• 12
    coğrafya kaderdir.

    şimdi futboldan biraz uzaklaşıp, sosyolojik olarak bakalım olaya. iki kişiyi karşılaştıralım;

    birinci adamımız belçika’lı. ismi thomas olsun. thomas kardeşimiz belçika doğumlu. annesi ve babası orta direk beyaz yaka çalışanı. çocuğumuz 6 yaşından itibaren bilinçli bir şekilde büyütülüyor. yetenekleri doğrultusunda ilkokuldan itibaren yönlendirilme yapılıyor. belçika oldukça kozmopolit bir ülke olduğu için küçük yaştan itibaren her dilden ve dinden arkadaşı oluyor. ayrıca ülke sosyal bir devlet olduğu için ve çevre ülkelerde sınır kavramı olmadığı için hollanda’ya, fransa’ya, almanya’ya ya da herhangi bir avrupa ülkesine sırf günü birlik gidip gelebiliyor adamımız. schengen nedir diye sorsan, o kim brugge’de mi oynuyor der mesela. doğuştan çok dilli oluyor zaten thomas. fransızca anadili olmak üzere, akıcı derecede ingilizce ve flemenkçe ve çat pat da olsa almanca konuşabiliyor küçük yaştan itibaren. eğitim sistemi sorunsuz, sosyal devletin getirdiği nimetlerden de yararlanan thomas, 18-19 yaşına geldiğinde avrupa’da gezmediği ülke kalmıyor. sosyal bir arkadaş olduğu için o yaşa kadar en az, bakın en az diyorum, 8-9 kız arkadaşı yapabiliyor, one night stand, fuck buddy falan hariç. üniversite zamanı part time işe girdiğinde 1 haftada son model iphone’u, 2-3 ayda falan ikinci el bir arabayı alabiliyor, festivalden festivale koşuyor, partiliyor, müzeleri geziyor, konserlere gidebiliyor ve bunları yaparken bir sonraki ayı düşünmüyor çünkü çoğu hizmet ya bedava, ya bedavadan bile daha ucuz. böyle böyle 22-23 yaşında üniversiteden mezun olduğunda zaten komple bir birey oluyor. hayata 5-0 falan önde başlıyor.

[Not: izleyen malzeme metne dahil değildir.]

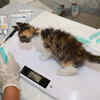 A cat on weighing scale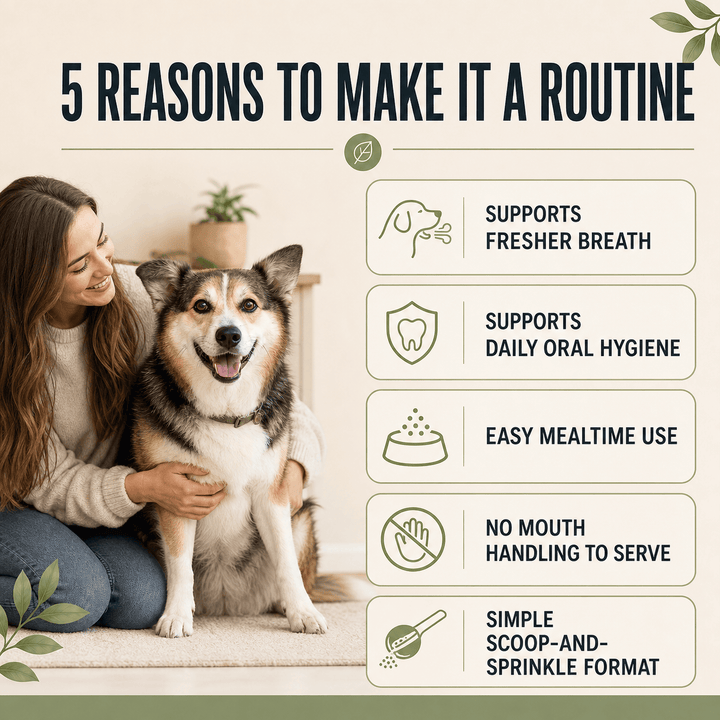 Dog Dental Powder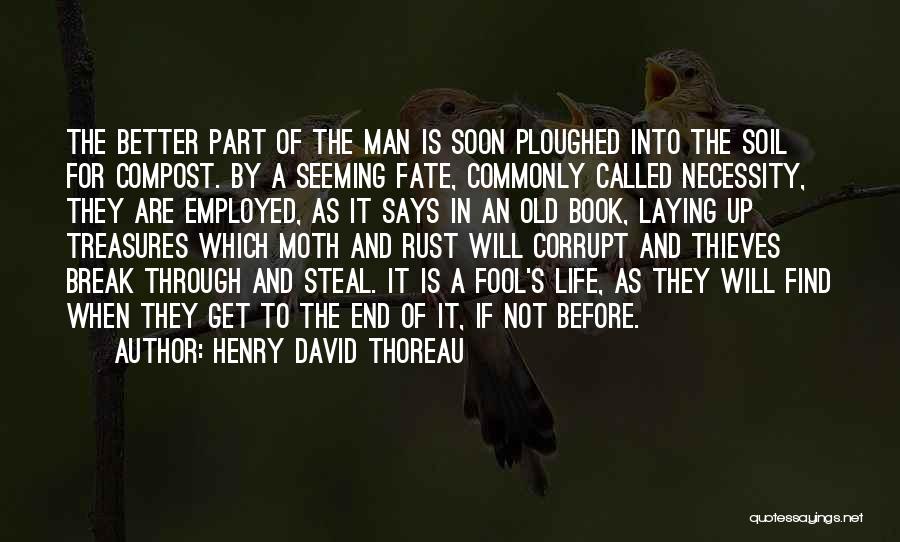 Life's Treasures Quotes By Henry David Thoreau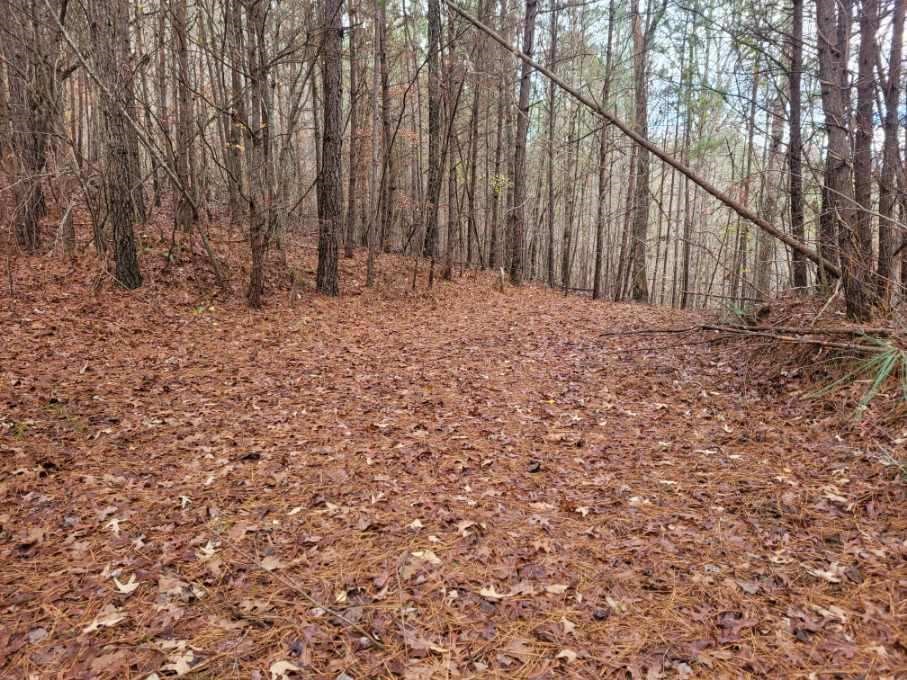 431136 Ellijay
 Land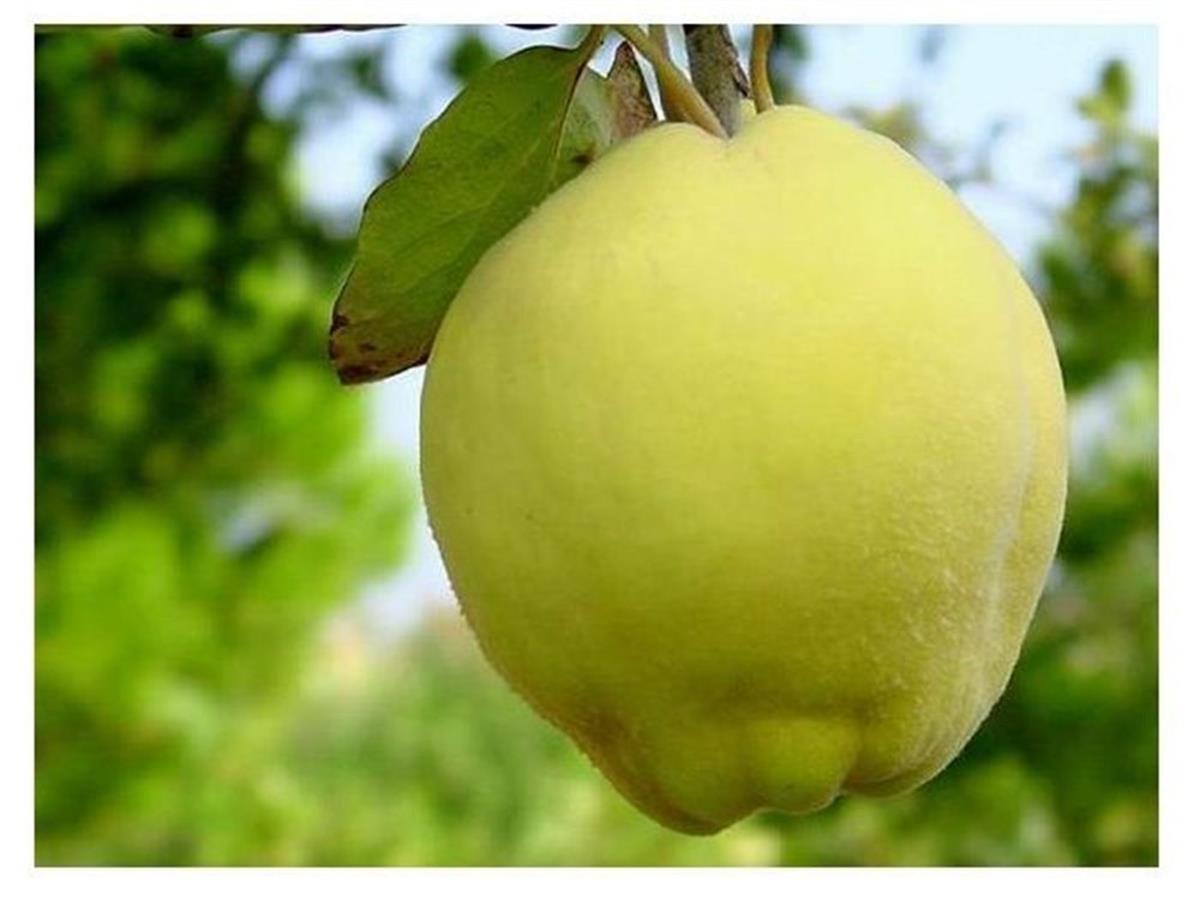 Cydonia vulgaris Ege 22 Ayva fidanı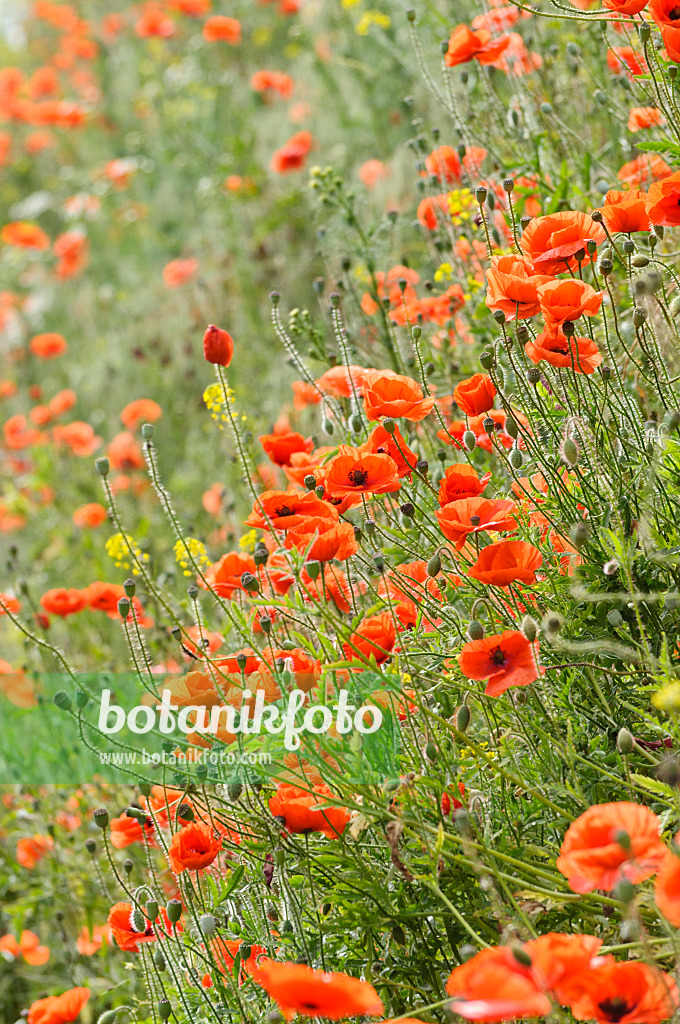 485072 - Klatschmohn (Papaver rhoeas)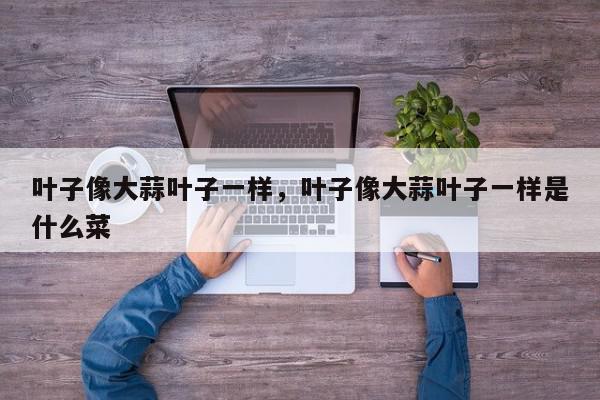 叶子像大蒜叶子一样，叶子像大蒜叶子一样是什么菜-第1张图片-我家生活百科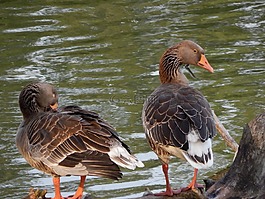 鴨,鵝,野生鳥類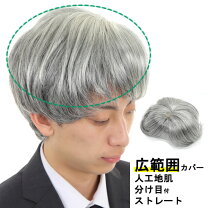 楽天市場】かつら 男性用 白髪の通販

    şimdi de yozgat’lı abdulkadir’e gelelim. orta halli bir çiftçinin ya da memurun çocuğu. üniversiteye kadar yozgat’ın çeşitli okullarında okuyor, şehirden ayrılma sayısı bir elin parmaklarını geçmez, onda da büyük ihtimal ailesiyle birlikte düğüne veya cenazeye katıldıkları dönemler. araba almayı geçtim, sigara parasını bile bulamıyor çoğu zaman. adamımız üniversiteyi kazanır ama durum daha kötüleşir çünkü yaşadığı ülke sosyal bir devlet anlayışına sahip değildir. babasının gönderdiği üç kuruşla + ileride 1000% faizle geri ödeyeceği öğrenim kredisiyle geçinmeye çalışır. türlü imkansızlıklara rağmen bir manita yaptı diyelim, en fazla iki gün gezdirebilir, kalan 28 gün aç kalır. öğrenim kredisi üç günde biter. ev tutsa ayrı bir dert, yurtta kalsa ayrı bir dert. yoğun ders programı sebebiyle bir işte çalışamaz zaten çalışsa da adam gibi maaş vermez hiçbir firma, ciddiye bile almaz garibimi. yurdışına gitmeyi geçtim, traş olmaya bile memleketindeki berberine gider, aman istanbul’da fazla para harcanmasın diye. tüm hayatı, okul, arkadaşlarıyla okey oynama, cep telefonu, tiktok videoları ve iddaa bültenidir. 4 sene (tabi şanslıysa) böyle y*rrak gibi geçer ve sonunda mezun olur. tabi mezun olduğunda da daha da kötüleşiyor her şey. büyük ihtimal mezun olduğu bölümün ataması yoktur. çok alakasız bir alanda üç kuruşa çalışır, tabi daha önce söylediğim gibi maaşından öğrenim kredisi kesintisi falan başlar. o sırada anası bi kız bulur, evlenir, her şey yolunda giderse çift maaşla falan geçinebiliyorlarsa 35 sene sonra falan ev alabilir, şanssızsa bi de aman allah boşanmışsa zaten üç kuruş aldığı maaşa bir de nafaka kesintisi eklenir. bir ömür de y*rrak gibi geçer.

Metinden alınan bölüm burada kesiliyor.